— Input records —
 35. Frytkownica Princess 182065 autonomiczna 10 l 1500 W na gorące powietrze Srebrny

---

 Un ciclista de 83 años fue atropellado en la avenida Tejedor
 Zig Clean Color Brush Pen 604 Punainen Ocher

--

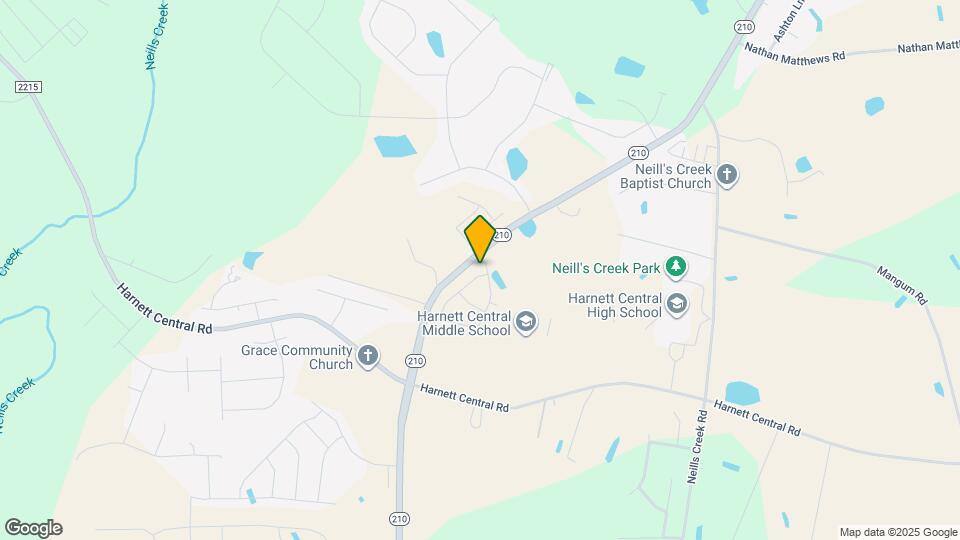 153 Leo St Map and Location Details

— To do —
Restate word for word the lines of the data above, starting at the line containing "Un ciclista de" and ending at the line containing "Zig Clean Color Brush Pen 604 Punainen Ocher", both included, and nothing more.

— Response to the task —
 Un ciclista de 83 años fue atropellado en la avenida Tejedor
 Zig Clean Color Brush Pen 604 Punainen Ocher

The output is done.